Python Sequential Example

This example not only illustrates how users can directly create a sequential pass using Python APIs (this could be applied to module- and function-level passes as well), but also explains how we can build an optimization pipeline using Sequential associated with other types of passes.

# Create a simple Relay program.
shape = (1, 2, 3)
c_data = np.array(shape).astype("float32")
tp = relay.TensorType(shape, "float32")
c = relay.const(c_data)
x = relay.var("x", tp)
y = relay.add(c, c)
y = relay.multiply(y, relay.const(2, "float32"))
y = relay.add(x, y)
z = relay.add(y, c)
z1 = relay.add(y, c)
z2 = relay.add(z, z1)
func = relay.Function([x], z2)

# Customize the optimization pipeline.
seq = _transform.Sequential([
    relay.transform.InferType(),
    relay.transform.FoldConstant(),
    relay.transform.EliminateCommonSubexpr(),
    relay.transform.AlterOpLayout()
])

# Create a module to perform optimizations.
mod = relay.Module({"main": func})

# Users can disable any passes that they don't want to execute by providing
# a list, e.g. disabled_pass=["EliminateCommonSubexpr"].
with relay.build_config(opt_level=3):
    with tvm.target.create("llvm"):
        # Perform the optimizations.
        mod = seq(mod)

Debugging

The pass infra provides a special pass (PrintIR) to dump the IR of the whole module after applying a certain pass.
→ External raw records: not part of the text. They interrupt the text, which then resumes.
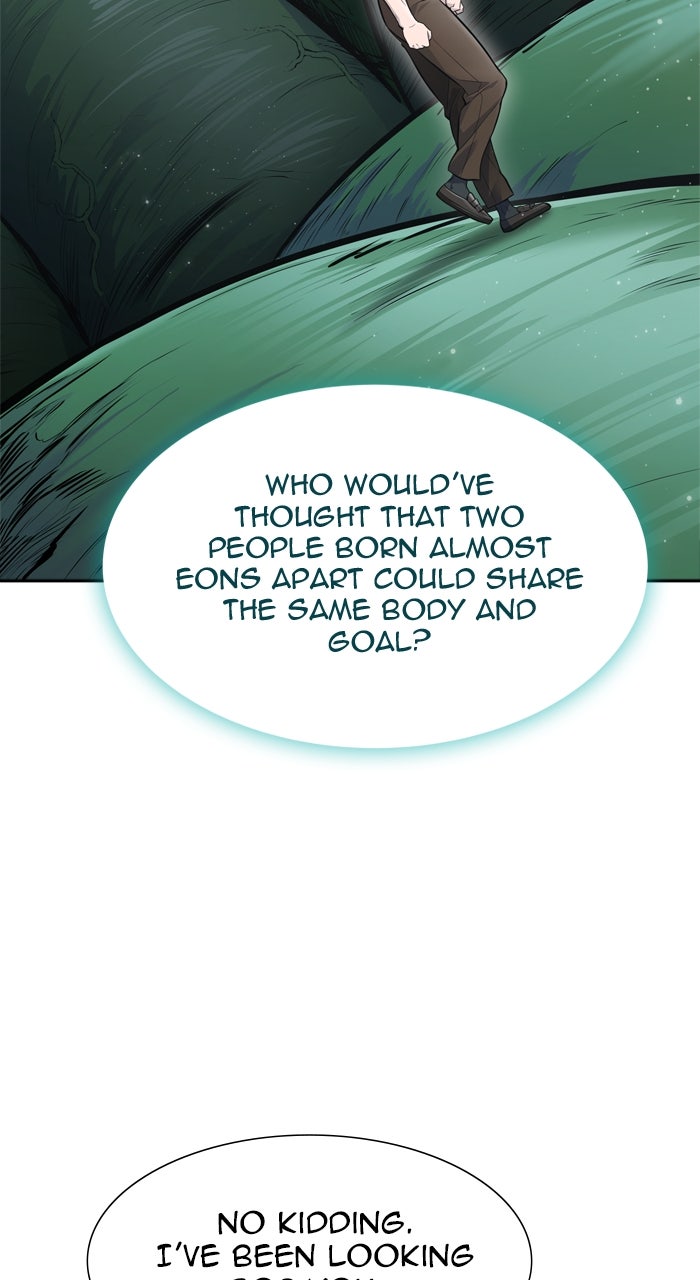 Tower of God Manga Chapter 622 page 60 - [Season 3] Ep. 205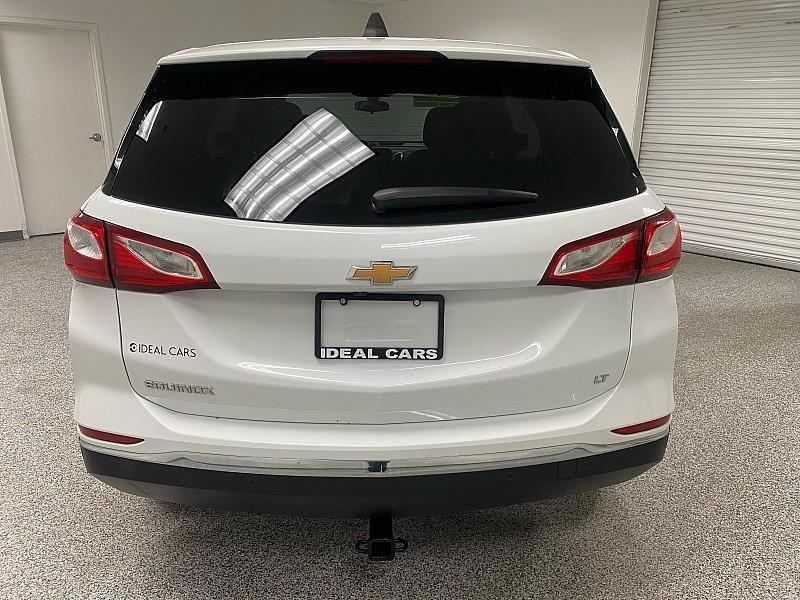 used 2018 Chevrolet Equinox car, priced at $10,991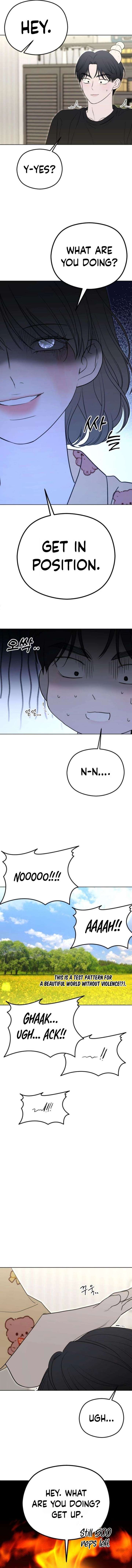 A Sibling’s POV Chapter 2 page 7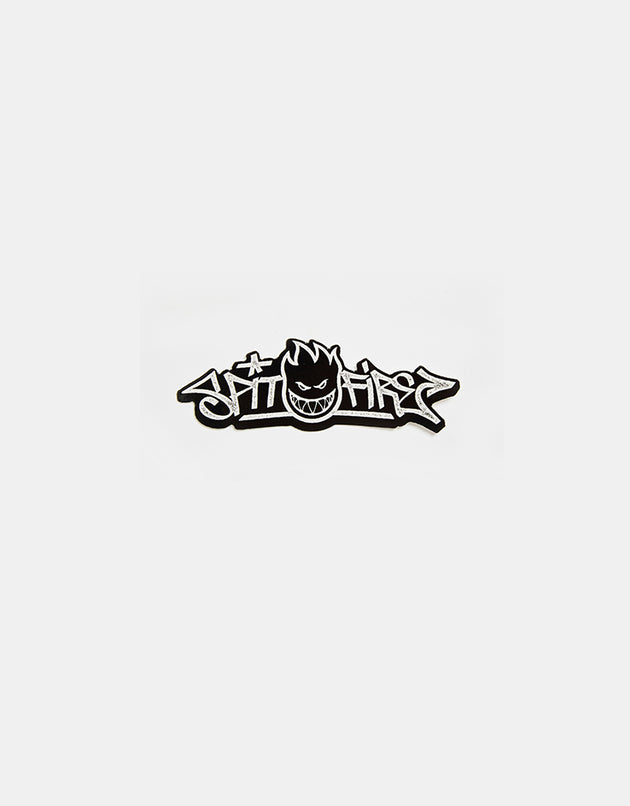 Spitfire Vinz Small Sticker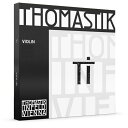 【ポイント10倍!マラソン期間限定】THOMASTICK INFELD トマスティック インフェルド TI ティーアイ バイオリン弦 4 4 E線(TI01) A線(TI02) D線(TI03) G線(TI04) SET TI100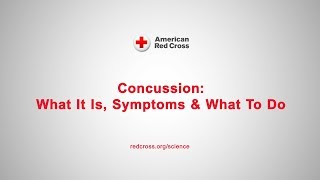 Concussion Symptoms Diagnosis and Treatment [upl. by Tempest]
A slightly modified version of the sequential pass example could be like the following to enable IR dumping for FoldConstant optimization.

seq = _transform.Sequential([
    relay.transform.InferType(),
    relay.transform.FoldConstant(),
    relay.transform.PrintIR(),
    relay.transform.EliminateCommonSubexpr(),
    relay.transform.AlterOpLayout()
])

By inserting the PrintIR pass after FoldConstant, the pass infra will dump out the module IR when FoldConstant is done. Users can plug in this pass after any pass they want to debug for viewing the optimization effect.

For more pass infra related examples in Python and C++, please refer to tests/python/relay/test_pass_manager.py and tests/cpp/relay_transform_sequential.cc, respectively.